Die Piraten haben früher in Berlin ziemlich gute Arbeit geleistet und gingen von einer Talkshow in die andere. Das hat sich geändert. Die Piraten gibt es dort in den Talks nicht mehr. Aber, man muss wohl ein Stück provozieren, um Aufmerksamkeit zu erreichen. Wichtig ist, dabei darf man sich nicht verlieren. Für mich steht fest, ich stehe hinter dem, was ich tue. Arbeit ist in der Öffentlichkeit, in Talkshows nicht gefragt, dort muss man eine Show bieten!

Selbst denken, ist das nicht eine Show

(SP lacht, schaut wieder aufmerksam)

Du hast doch eine Show. Freies Denken, verantwortliches Denken, das spricht den reflektierenden Menschen an, der selbstbestimmt leben möchte. Könnte dieses Dein Thema auch als Politikerin werden?

Kürzlich bin ich gefragt worden, wen ich als meine Vorbilder sehe: Da ist Marc Aurel, der hat schon interessante philosophische Gedanken zur Orientierung und Selbstbetrachtung gehabt. Gelebt hat er im 2. Jahrhundert.

Zu jeder Zeit haben Menschen selbst gedacht.

Es ist für manche Menschen extrem schwierig, wenn er keinen dafür verantwortlich machen kann, dass er etwas nicht getan hat. Er ist selber verantwortlich.
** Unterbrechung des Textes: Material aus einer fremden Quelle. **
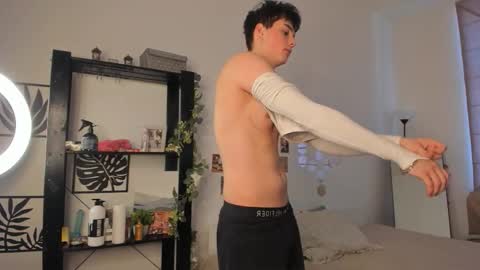 Henry online show from 03.15.26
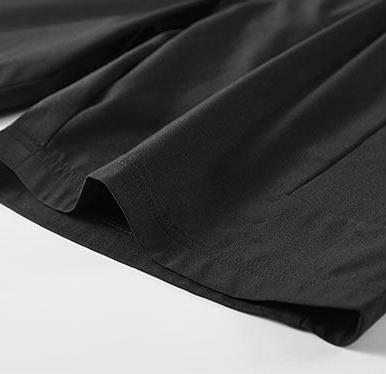 Men’s athletic shorts—comfortable, soft, warm, breathable casual mid-length shorts available in multiple colors, featuring zippered pockets and a drawstring design, made from slightly stretchy fabric, suitable for summer outdoor sports and fitness activit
"Es geht um hier und heute."

Es geht um hier und heute. Menschen sollen, müssen sich darüber im Klaren werden, was sie wollen. Dafür ist der Weg zu finden und der muss realisierbar sein.

Ich habe zum Beispiel keine reichen Eltern gehabt und mir trotzdem einen Freiraum geschaffen. Meine Großeltern, väterlicherseits waren Bauern. Es heißt, sie wären recht glücklich mit ihrem Leben gewesen. Aber sie mussten immer Bauern bleiben. Ich habe andere Talente und Möglichkeiten. So ist das eben. Ich glaube, ich wäre auch Bäuerin nicht unglücklich, aber ich habe andere Möglichkeiten, auch gesellschaftlich gesehen und kann andere Dinge realisieren als meine Vorfahren, anders als bspw. im Mittelalter. Um Neues zu tun, musste ich mich ein Stück von den Wurzeln entfernen.

Gibt es bei Dir das Wort Kompromiss?

Ja, es geht nicht ohne. Auf der Baustelle bspw. bin ich offen und schaue die Kosten für Maßnahmen niedrig zu halten. Ich arbeite ja mit Steuergeldern und muss jonglieren, abwägen, möglichst wenig ausgeben. Besteht aber bspw. Gefahr für Menschen, gibt es keinen Kompromiss, dann kostet es das Geld, das es kostet.

Auf das Wort Geld, da steige ich jetzt nicht ein – oder doch. Eine letzte Frage zur Verantwortung und dem Abwägen zum Kirchentag 2017 und der Luther-Dekade. Wie gut siehst du da die Steuergelder eingesetzt?

Ja, sie werden eingesetzt, aber, dazu sage ich nein.

Sandra Pacholke, schönen Dank.

Nach einer Stunde trennen sich wie vereinbart unsere Wege. Die Politiker, auch meine Interviewpartnerin, drehen auf dem Asphalt vor der U-Bahn-Station Warschauer Strasse weiter kleine Runden. Passanten bleiben stehen. Gespräche entstehen.